JULIA S. HECKMAN became a director of the Company in November 1995. Ms.
Heckman has been a Managing Director with Rodman & Renshaw, Inc.'s Investment
Banking Group since April 1995 and had been a Managing Director with Mabon
Securities Corp.'s Investment Banking Group since 1991. Prior to joining Mabon
Securities Corp., Ms. Heckman was a Managing Director with Paine Webber Group
Inc.'s Corporate Finance Group. Ms. Heckman serves as a director of ATC
Environmental Inc., an environmental consulting and engineering firm.
JACK LEVY became a director of the Company in October 1995. Mr. Levy
has been engaged in the private practice of law in New York City since 1976.

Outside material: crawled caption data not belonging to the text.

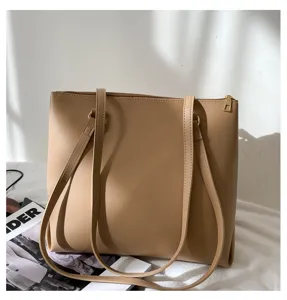Minimalist beige tote bag for women, large capacity stylish shoulder bag for daily use.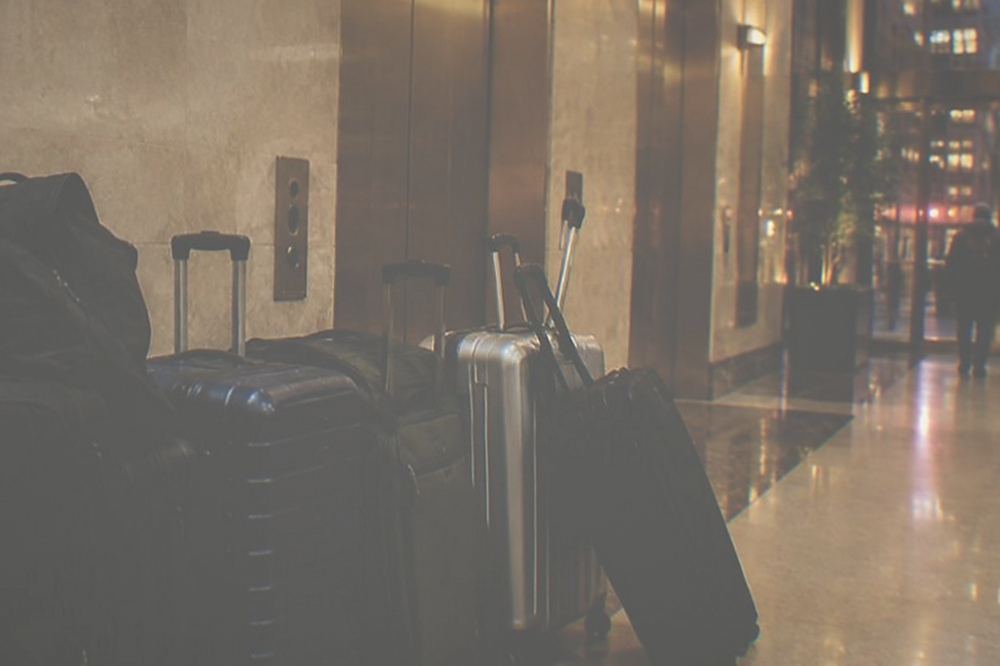 Suitcases lined up against the wall of a hotel lobby near the elevator bank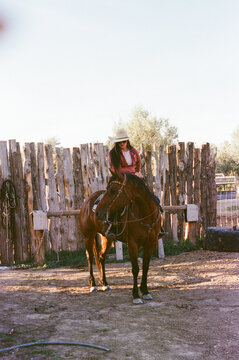 Cowgirl riding horse in corral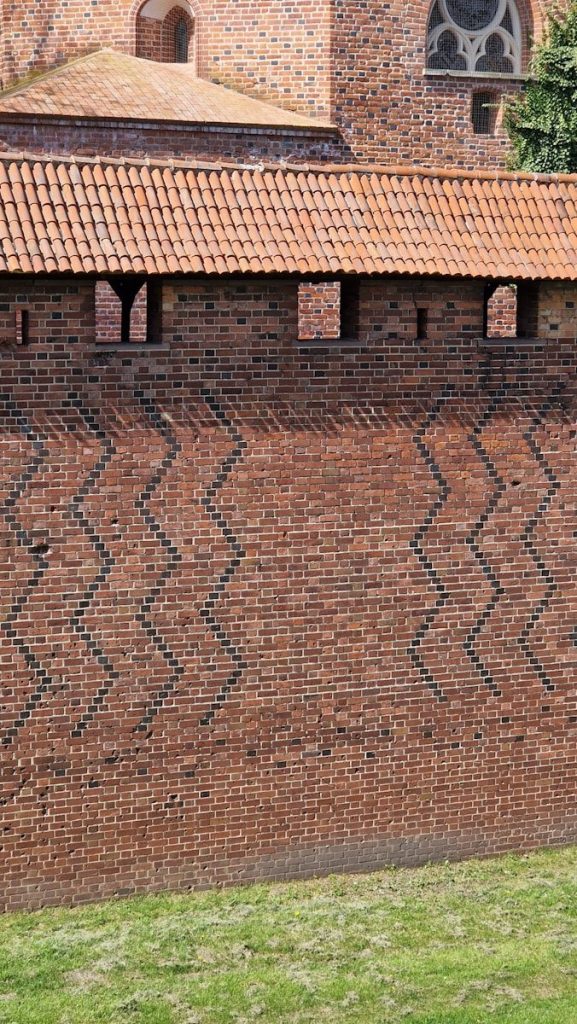 a brick wall with a clock on the top of it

Since April 1996, Mr. Levy has been a partner with the law firm of Morrison
Cohen Singer & Weinstein, LLP, counsel to the Company. From April 1995 to April
1996, he was a partner at Wise & Shepard, LLP and from April 1993 to April 1995,
he was a partner at Lane & Mittendorf. From 1978 to April 1993, he was an
attorney at Summit Solomon & Feldesman, first as an associate and from 1984 to
1993 as a partner.
COMMITTEES AND MEETINGS OF THE BOARD OF DIRECTORS
Manhattan Bagel has a standing audit committee and a compensation
committee and does not have a standing nominating committee of the Board of
Directors. Julia Heckman and Jack Levy are the members of both the audit
committee and compensation committee. The audit committee's duties include
consulting with the Company's independent auditors concerning the scope of the
audit and reviewing the results of their examination as well as the adequacy of
internal controls. The audit committee will also meet with appropriate corporate
personnel to review internal auditing programs. The audit committee is also
responsible for recommending to the Board of Directors, the accounting firm to
be employed by the Company as its independent auditors. The compensation
committee will review compensation arrangements with senior executives. The
audit committee held one meeting during 1996. The compensation committee did not
hold any meetings during 1996. Manhattan Bagel's Board of Directors held twelve
(12) meetings during 1996 (not including actions by unanimous written consent).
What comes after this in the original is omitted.